Es gibt Tage, da weiß man auch nach Jahrzehnten noch, wo genau man zu dieser Zeit war. Der 11. September 2001 ist so einer, der Tag der Anschläge in New York.
Aber es gibt auch freudige Ereignisse, an die man sich zurückerinnert:
Der 9. November 1989 zum Beispiel. Der Tag, an dem Günter Schabowski
verkündete: „Nach meiner Information gilt das sofort…
Unverzüglich“.
Ich hatte gerade mein Informatik Studium in Würzburg begonnen und war in
meiner ersten Studentenbude, einem kleinen Zimmer, das im ersten Stock eines
Ärztehauses lag.
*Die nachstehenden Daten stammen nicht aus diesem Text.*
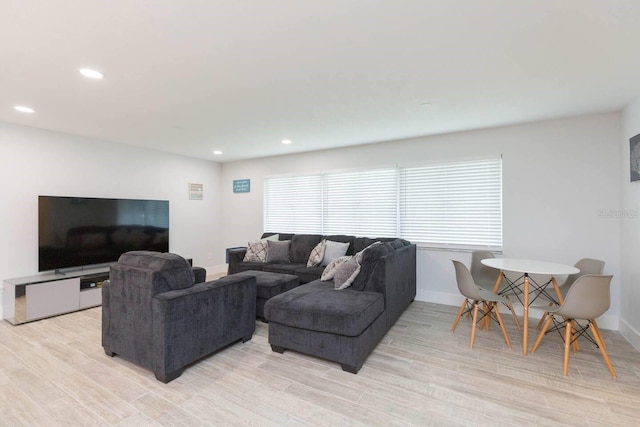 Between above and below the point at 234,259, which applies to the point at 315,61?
above

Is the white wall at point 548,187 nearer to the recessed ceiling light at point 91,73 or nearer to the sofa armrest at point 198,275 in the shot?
the sofa armrest at point 198,275

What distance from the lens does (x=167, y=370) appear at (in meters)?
2.30

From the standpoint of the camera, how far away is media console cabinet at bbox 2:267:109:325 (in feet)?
11.7

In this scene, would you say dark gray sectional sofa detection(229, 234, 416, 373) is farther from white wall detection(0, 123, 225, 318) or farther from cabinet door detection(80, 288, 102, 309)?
white wall detection(0, 123, 225, 318)

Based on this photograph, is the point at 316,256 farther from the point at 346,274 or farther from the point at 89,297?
the point at 89,297

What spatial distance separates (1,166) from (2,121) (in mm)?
559

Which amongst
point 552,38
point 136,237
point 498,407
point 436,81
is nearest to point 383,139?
point 436,81

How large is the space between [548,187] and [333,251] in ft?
9.53

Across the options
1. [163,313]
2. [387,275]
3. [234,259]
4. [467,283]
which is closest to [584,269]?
[467,283]

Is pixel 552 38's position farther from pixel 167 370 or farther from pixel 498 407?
pixel 167 370

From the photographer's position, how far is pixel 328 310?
2609 mm

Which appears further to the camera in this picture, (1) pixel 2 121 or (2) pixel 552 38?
(1) pixel 2 121

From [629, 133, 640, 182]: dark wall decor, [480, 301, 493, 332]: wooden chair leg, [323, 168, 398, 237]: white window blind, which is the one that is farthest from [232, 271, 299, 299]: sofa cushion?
[629, 133, 640, 182]: dark wall decor

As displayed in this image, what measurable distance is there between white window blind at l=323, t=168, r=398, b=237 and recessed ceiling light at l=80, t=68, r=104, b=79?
3.54 metres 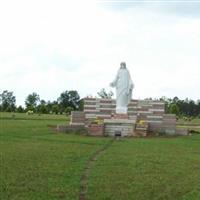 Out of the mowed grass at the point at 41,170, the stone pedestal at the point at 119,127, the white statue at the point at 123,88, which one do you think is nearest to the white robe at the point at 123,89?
the white statue at the point at 123,88

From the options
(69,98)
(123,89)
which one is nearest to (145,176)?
(123,89)

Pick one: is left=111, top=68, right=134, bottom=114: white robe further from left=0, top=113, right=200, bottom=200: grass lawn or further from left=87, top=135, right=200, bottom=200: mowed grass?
left=87, top=135, right=200, bottom=200: mowed grass

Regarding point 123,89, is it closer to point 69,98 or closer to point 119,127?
point 119,127

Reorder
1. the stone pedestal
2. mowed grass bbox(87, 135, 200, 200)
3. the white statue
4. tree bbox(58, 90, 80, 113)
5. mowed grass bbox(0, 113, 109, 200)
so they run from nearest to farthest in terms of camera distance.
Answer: mowed grass bbox(0, 113, 109, 200) < mowed grass bbox(87, 135, 200, 200) < the stone pedestal < the white statue < tree bbox(58, 90, 80, 113)

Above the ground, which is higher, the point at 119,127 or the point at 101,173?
the point at 119,127

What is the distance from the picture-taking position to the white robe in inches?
1245

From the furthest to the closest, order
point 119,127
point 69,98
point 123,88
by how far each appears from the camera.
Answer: point 69,98
point 123,88
point 119,127

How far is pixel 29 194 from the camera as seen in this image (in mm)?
10453

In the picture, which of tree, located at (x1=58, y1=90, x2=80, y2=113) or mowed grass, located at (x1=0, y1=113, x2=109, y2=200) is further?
tree, located at (x1=58, y1=90, x2=80, y2=113)

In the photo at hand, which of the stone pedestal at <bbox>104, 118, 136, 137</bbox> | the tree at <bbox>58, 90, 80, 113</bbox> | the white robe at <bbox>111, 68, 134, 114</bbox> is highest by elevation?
the tree at <bbox>58, 90, 80, 113</bbox>

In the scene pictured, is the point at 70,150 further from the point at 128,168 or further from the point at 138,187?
the point at 138,187

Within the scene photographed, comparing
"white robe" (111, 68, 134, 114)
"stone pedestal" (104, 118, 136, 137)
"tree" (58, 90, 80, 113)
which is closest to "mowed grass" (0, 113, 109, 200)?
"stone pedestal" (104, 118, 136, 137)

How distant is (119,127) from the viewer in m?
29.2

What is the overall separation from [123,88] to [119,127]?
331cm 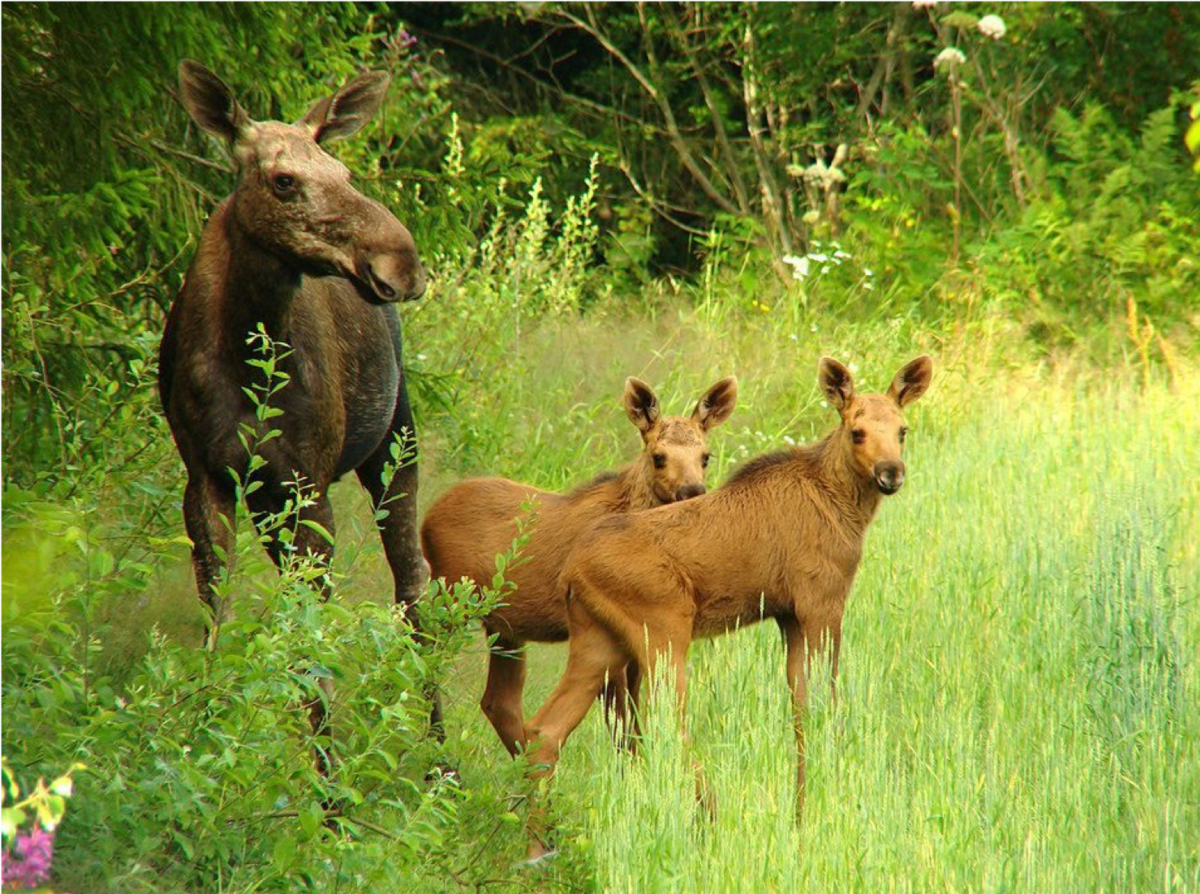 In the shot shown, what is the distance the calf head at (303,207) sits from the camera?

Dusche und Bad musste ich mit anderen teilen, aber ich hatte
meine erste eigene Bleibe.
Von zuhause hatte ich einen kleinen gelben Fernseher mitgebracht, ein
Überbleibsel aus dem Nachlass meines Großvaters. Und in Würzburg konnte man
damals schon RTL und SAT1 über Antenne empfangen. In den Nachrichtensendungen –
damals noch recht unprofessionell – kam die Meldung, dass sie demnächst wieder live
aus Hof berichten würden. Wie unwirklich ist das denn? Endlich in einer
Großstadt angekommen berichten die Medien über meine Heimat?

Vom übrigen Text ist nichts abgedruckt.